Tuesday, January 7, 2020

Happy New Year, 2020!

I am participating in the
 Slice of Life.  
All participants are writing about one moment, one part of their day, 
on Tuesdays.
Thank you, Two Writing Teachers!

Every year, for several years now, Tony's brother boxes up a big big box of pecans that he collects from a friend's backyard trees. A huge box. Pecans, still in their shells. He even sent us a fancy nutcracker - almost a small machine - to make the work of breaking them open much easier. May I admit to you, honestly, how I enjoyed this box at first and how much I have resented it in subsequent years? How is it possible to use up all these pecans? How patient must I be to crack open pecan after pecan? Hear me on this - it is such abundance, we simply cannot get through the pecans in a single year, and here comes more! The pecans themselves are hit and miss - some years very good, some years not so much. We give pecans to neighbors and friends, and still the box doesn't empty. I said to my husband...are we allowed to throw some out? can we at least get rid of the large cardboard box? I cheered myself up by getting a pretty glass cookie jar, and filling it to the brim with pecans - only to realize I needed two or three of these jars. I filled a pretty bowl. I became annoyed. I am so tired of looking at containers of pecans.
This Christmas, Tony cracked open pecans and declared - "These are a little dried out. I don't think we've really got any good ones left."
You see, my brother-in-law died last summer. We didn't get a big box of pecans this year. We only have the dwindling number from last year's box. 
How sad I feel that I got so frustrated about those darn nuts.
Wouldn't we have loved another box of them this year?

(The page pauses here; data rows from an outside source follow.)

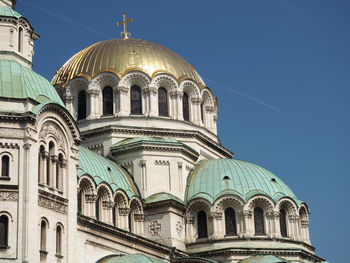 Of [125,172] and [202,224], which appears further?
[202,224]

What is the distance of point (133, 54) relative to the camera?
164 ft

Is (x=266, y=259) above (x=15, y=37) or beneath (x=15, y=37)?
beneath

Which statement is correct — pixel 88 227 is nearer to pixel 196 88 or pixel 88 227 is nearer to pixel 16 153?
pixel 16 153

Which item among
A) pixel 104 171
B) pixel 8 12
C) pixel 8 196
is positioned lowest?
pixel 8 196

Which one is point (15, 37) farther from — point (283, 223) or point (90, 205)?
point (283, 223)

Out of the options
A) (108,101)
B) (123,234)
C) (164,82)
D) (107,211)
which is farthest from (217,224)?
(108,101)

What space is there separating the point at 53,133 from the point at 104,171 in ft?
28.9

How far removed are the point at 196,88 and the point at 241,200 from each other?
30.9ft

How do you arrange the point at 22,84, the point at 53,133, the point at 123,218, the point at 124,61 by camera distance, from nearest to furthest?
the point at 22,84 < the point at 53,133 < the point at 123,218 < the point at 124,61

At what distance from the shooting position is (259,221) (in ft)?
151

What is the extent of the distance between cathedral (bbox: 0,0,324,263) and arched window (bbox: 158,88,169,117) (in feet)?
0.24

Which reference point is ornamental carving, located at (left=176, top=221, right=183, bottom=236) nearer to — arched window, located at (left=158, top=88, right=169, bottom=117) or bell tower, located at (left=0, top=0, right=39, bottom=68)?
arched window, located at (left=158, top=88, right=169, bottom=117)

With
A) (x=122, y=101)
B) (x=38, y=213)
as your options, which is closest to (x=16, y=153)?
(x=38, y=213)

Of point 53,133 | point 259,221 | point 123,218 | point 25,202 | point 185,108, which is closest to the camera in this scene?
point 25,202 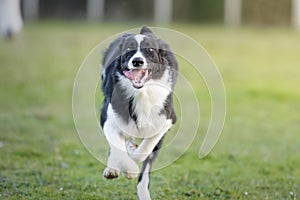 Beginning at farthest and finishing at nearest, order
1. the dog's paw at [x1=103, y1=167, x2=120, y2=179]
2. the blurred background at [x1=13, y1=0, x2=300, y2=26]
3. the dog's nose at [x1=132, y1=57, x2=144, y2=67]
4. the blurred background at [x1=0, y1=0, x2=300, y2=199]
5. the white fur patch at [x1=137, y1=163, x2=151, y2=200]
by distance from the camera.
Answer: the blurred background at [x1=13, y1=0, x2=300, y2=26] → the blurred background at [x1=0, y1=0, x2=300, y2=199] → the white fur patch at [x1=137, y1=163, x2=151, y2=200] → the dog's paw at [x1=103, y1=167, x2=120, y2=179] → the dog's nose at [x1=132, y1=57, x2=144, y2=67]

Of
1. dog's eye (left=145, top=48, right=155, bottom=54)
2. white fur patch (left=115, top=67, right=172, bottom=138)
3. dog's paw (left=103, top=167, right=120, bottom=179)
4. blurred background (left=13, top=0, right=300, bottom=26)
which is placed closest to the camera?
dog's eye (left=145, top=48, right=155, bottom=54)

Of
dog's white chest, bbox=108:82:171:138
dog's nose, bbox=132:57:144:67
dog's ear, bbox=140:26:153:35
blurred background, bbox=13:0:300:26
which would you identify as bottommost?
blurred background, bbox=13:0:300:26

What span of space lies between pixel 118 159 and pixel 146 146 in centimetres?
24

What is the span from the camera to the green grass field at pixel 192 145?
6.21 metres

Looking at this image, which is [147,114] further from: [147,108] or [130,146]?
[130,146]

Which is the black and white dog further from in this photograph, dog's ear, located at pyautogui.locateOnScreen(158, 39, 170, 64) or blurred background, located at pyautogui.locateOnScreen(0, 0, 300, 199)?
blurred background, located at pyautogui.locateOnScreen(0, 0, 300, 199)

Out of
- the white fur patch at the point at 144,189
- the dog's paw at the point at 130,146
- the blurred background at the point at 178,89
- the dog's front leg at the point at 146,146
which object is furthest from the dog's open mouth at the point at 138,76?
the blurred background at the point at 178,89

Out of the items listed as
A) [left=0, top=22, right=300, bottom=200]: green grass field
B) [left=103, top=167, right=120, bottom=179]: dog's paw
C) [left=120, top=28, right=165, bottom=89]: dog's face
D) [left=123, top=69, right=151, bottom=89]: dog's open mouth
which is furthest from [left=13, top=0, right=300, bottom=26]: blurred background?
[left=123, top=69, right=151, bottom=89]: dog's open mouth

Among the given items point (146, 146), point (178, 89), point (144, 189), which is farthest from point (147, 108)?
point (178, 89)

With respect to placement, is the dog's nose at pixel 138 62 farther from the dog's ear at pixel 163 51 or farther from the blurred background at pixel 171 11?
the blurred background at pixel 171 11

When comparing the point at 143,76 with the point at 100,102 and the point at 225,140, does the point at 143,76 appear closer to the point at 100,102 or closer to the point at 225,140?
the point at 100,102

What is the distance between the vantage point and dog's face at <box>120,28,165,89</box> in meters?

Why did I waste time with frustration and annoyance? 


As well you know, it's that time of year when one thinks about New Year resolutions. I've been going back and forth as to what should be my one little word this year...what one word describes my focus, my goal, my hope? 


There's a beautiful meditation that I read in a book by Steven Levine, called the 'Soft-belly Meditation,' with these phrases that jumped out at me:

Take a few deep breaths...
Soften the muscles that have held the fear for so long...
Let the awareness be gentle and allowing...
Have mercy on yourself...
In soft body, in soft mind, just letting it be there...
Let thoughts come and let them go...
Let the healing in...


When my children were young, I used to love to read parenting advice from Marguerite Kelly. I remember her suggesting a litmus test for things to get aggravated about  - Will it matter in 100 years? If not, let it go. If yes, do something about it.


I'm tired of getting myself into knots during my teaching day, due to a zillion different "adult-initiated problems" - lack of subs, lack of planning for required meetings that end up feeling like a waste of precious time, lack of clarity about certain mandatory to do's, etc. (I don't typically get frustrated by young children - it's adults that make me crazy ;-) I think it is high time I realized that things rarely go as expected! I'm going to try my best not to take offense.


This morning's sunrise seemed to cheer on this word choice - no bright colors, just muted, gorgeous streaks across the early morning grey sky.